Now we use two extreme examples make it clear why this variance decomposition is important:

  • (1) The predictors have nothing to do with the responses. In that case, the best unbiased predictor (in the least squares sense) for $Y_i$ is $\widehat{Y}_i = \overline{Y}$. Therefore the total variance in $Y_i$ is just equal to the residual variance and is unrelated to the variance in the predictors ${\boldsymbol X}_i$.

  • (2) The predictors are perfectly linearly related to the predictors. In that case, the predictions are exactly correct and $\widehat{Y}_i = Y_i$. Therefore there is no residual variance and all of the variance in the outcome is the variance in the predictions themselves, which are only a function of the predictors. Therefore all of the variance in the outcome is simply due to variance in the predictors ${\boldsymbol X}_i$.

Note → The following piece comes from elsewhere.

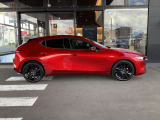 MAZDA3ファストバックは、曲面を活かした「引き算」のデザインが特徴です。線を増やさず光と影で立体感を表現し、見る角度によって印象が変わるマツダらしい造形を楽しめます。日常の移動でも役立つ装備です。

Situations with real data will often lie between the two extremes, as will the proportion of variance that can be attributed to these two sources. The more "explained variance" there is - i.e. the more of the variation in $Y_i$ that is due to variation in ${\boldsymbol X}_i$ - the better the predictions $\widehat{Y}_{i}$ are performing (i.e. the smaller the "residual variance" is), which is another way of saying that the least squares model fits well.